We have also provided other monitoring and reporting APIs for our customers, and they can easily monitor their balance, transactions and even confirming status.

For the depositing bitcoins in these cold receiving addresses, we will periodically settle them to our customers, and all these settlements are done by mannually offline transaction signing.

3. Hot Sending:

Our customers can have another type of account for hot sending. If there are enough balance, you can use hot sending APIs for real-time sending bitcoins.

For example, you want to send 1 BTC to Alice, 1.1 BTC to Bob, and 1.3 BTC to Cindy, and you have prepared the sending request on your website. V-Device will automatically check whether there are pending requests or not, and if the request can pass the V-Device check(you can have your own check logic here), V-Device will sign the request and send the request with the signature to ChainCloud API.
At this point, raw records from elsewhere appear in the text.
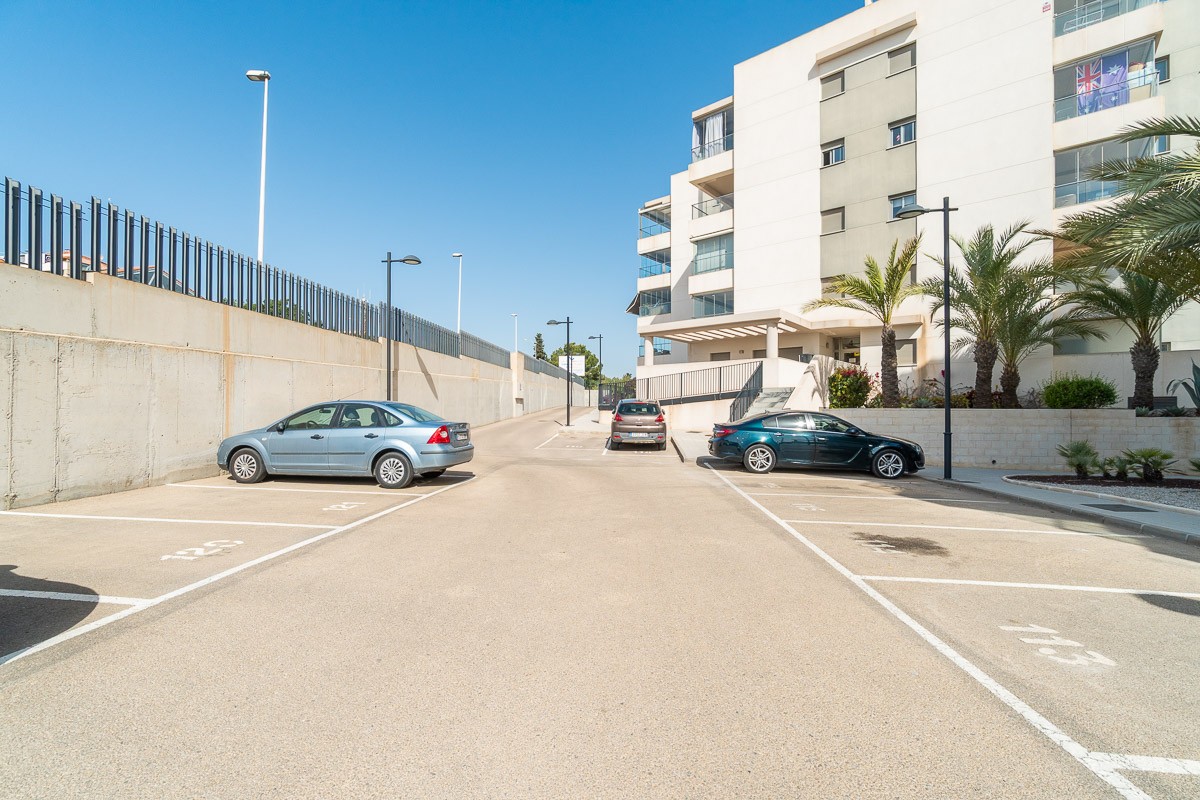 For sale - 2 Bedroom 2 Bathroom Apartment in Villamartin - Costa Blanca  - Alicante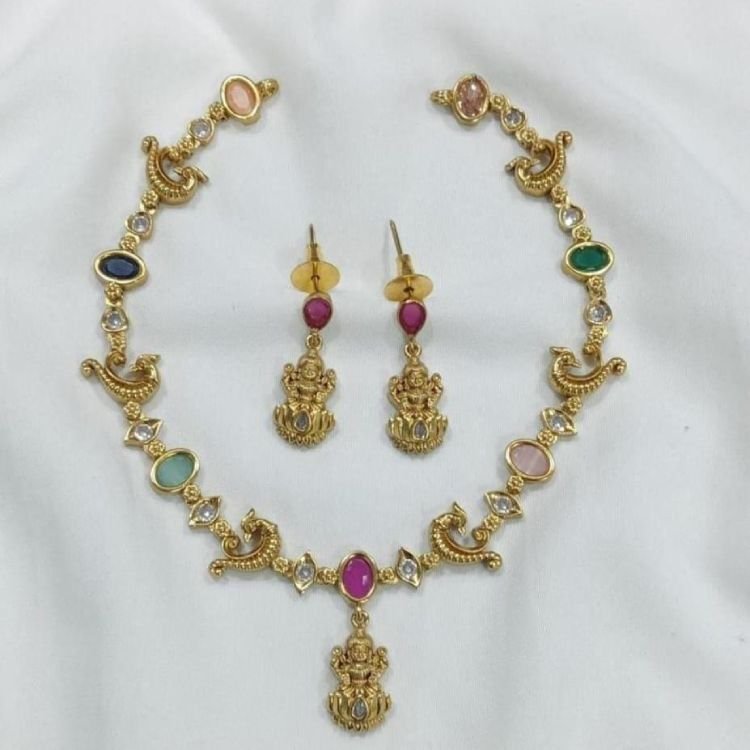 Nidhi Neckpiece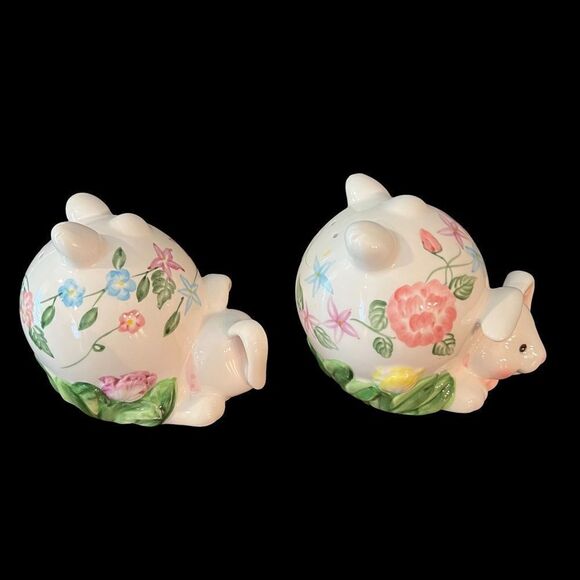 Bunny/Rabbit Salt & Pepper Shakers Healtfelt  Kitchen Creations - Picture 4 of 8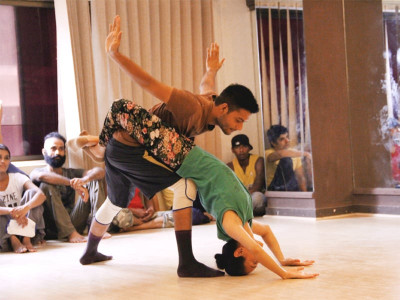 joshinder chaggar set for another peculiar conversation on stage joshinder chaggar set for another peculiar conversation on stage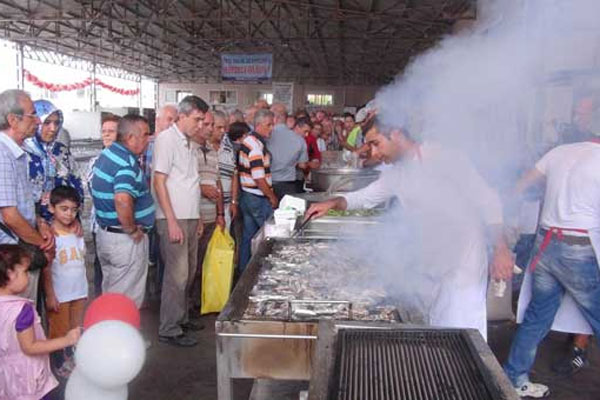 6 bin kişi 1 ton balık yedi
The request will pass through ChainCloud API to HSM-Hot, and finally reach to HSM-Cold. HSM-Cold will check the signature of your request, to confirm it is signed by your V-Device. If the signature is correct, HSM-Cold will sign the transaction, and if wrong, it means that your website has been hacked, HSM-Cold will lock your account, and send the warning message to adminstrator.

With this design, we have ensure the security model of our customer’s cold receiving wallet and hot sending wallet. The logic of this design is thorough, and even both your website and ChainCloud API have been hacked by one hacker, he still cannot take a dime from both of your hot and cold wallets.

Also, now we are working on supporting different blockchain, such as ETH/ETC, Litecoin, Dogecoin and so on. So our customers can easily manage different blockchain assets with the same method through ChainCloud API.